Policies Status Details
Medical Coverage Policy
Unless otherwise noted, the following medical coverage policies were modified effective June 15, 2017:
Bariatric Surgery - (0051) Modified
  • Important changes in coverage criteria:
    • Added coverage for biliopancreatic diversion without duodenal switch (BPD without DS).
    • Removed the > 50 body mass index (BMI) requirement for biliopancreatic diversion with duodenal switch (BPD/DS).
    • Added new coverage criterion for comorbidity of fatty liver disease.
    • Added to existing list of not covered procedures:
      • band over bypass
      • band over sleeve
      • stomach aspiration therapy - AspireAssist
      • endoscopic closure devices
        • Note: all require precert and are currently denied—no change in coverage.
Obstructive Sleep Apnea Treatment Services - (0158) Modified
  • Important changes in coverage criteria:
    • Moved diagnostic-related content to Sleep Testing Services – (0524).
    • Policy now addresses only treatment services.

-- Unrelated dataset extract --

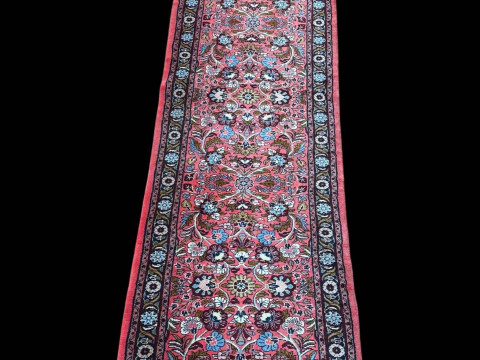 Persian floral decorated carpet runner, 3.00 by 0.75.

      • Note: No change in coverage.
    • Updated title to reflect change.
Sleep Testing Services – (0524) New
Policies Status Details
Pharmacy (Drugs & Biologics) Policies
Unless otherwise noted, the following pharmacy (drugs & biologics) coverage policies were modified effective June 15, 2017:
Afrezza® - (1506) Modified
  • Important changes in coverage criteria:
    • Added injectable for clarification for short-acting insulin.

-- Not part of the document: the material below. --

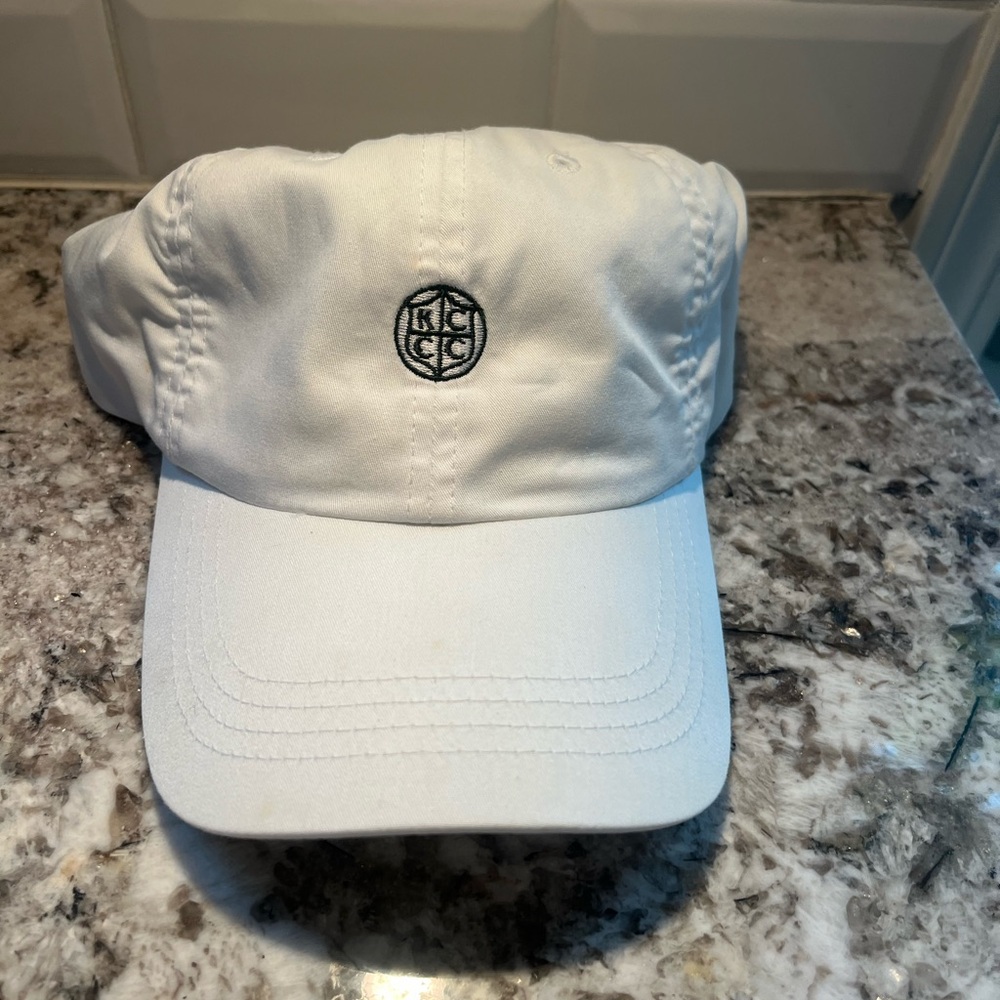 White adjustable golf hat. Green Kansas City country club logo. Barely worn.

    • Removed visual impairment as an example for unable to administer.
Controlled Substance Analgesics and Narcotic Antagonist Quantity Limitations - (1706) Modified
  • Important changes in coverage criteria:
    • Increased quantity limit for Xtampza ER 27mg to 4 capsules per day and 36mg to 8 capsules per day.

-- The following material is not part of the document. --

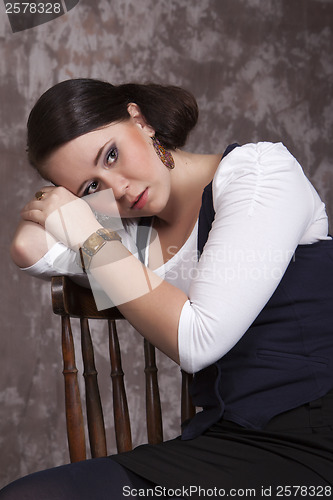 Image of Girl with long hair in a white shirt and a blue vest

    • Clarified quantity limit is per 30 days for Hydrocodone-Acetaminophen.
Oncology Medications – (1403) Modified
  • Important changes in coverage criteria:
    • Added:
      • brigatinib (Alunbrig)
      • durvalumab (Imfinzi)
      • letrozole and ribociclib co-packaged (Kisqali Femara Co-Pack)
      • midostaurin (Rydapt®)
      • niraparib (Zejula)
Oral Phosphodi-esterase-5 (PDE5) Inhibitors - (7003) Modified
  • Important changes in coverage criteria:
    • Changed “sexual” to “erectile” for consistency.
    • Added the following to list of uses considered experimental, investigational, or unproven (EIU):
      • continence recovery “re-enervation” status post radical prostatectomy
      • esophageal achalasia
      • lower urinary tract symptoms
Oxazolidinone Antibiotics - (1123) Modified
  • Important changes in coverage criteria:
    • Added coverage of linezolid (Zyvox) for treatment of a confirmed multidrug resistant tuberculosis (MDR-TB) infection as part of a multidrug regimen.
    • Changed title from product specific to drug class.
Pulmonary Hypertension Therapy - (6121) Modified
  • Important change in coverage criteria:
    • Added criteria that diagnosis of pulmonary hypertension is documented by right heart catheterization or echocardiogram.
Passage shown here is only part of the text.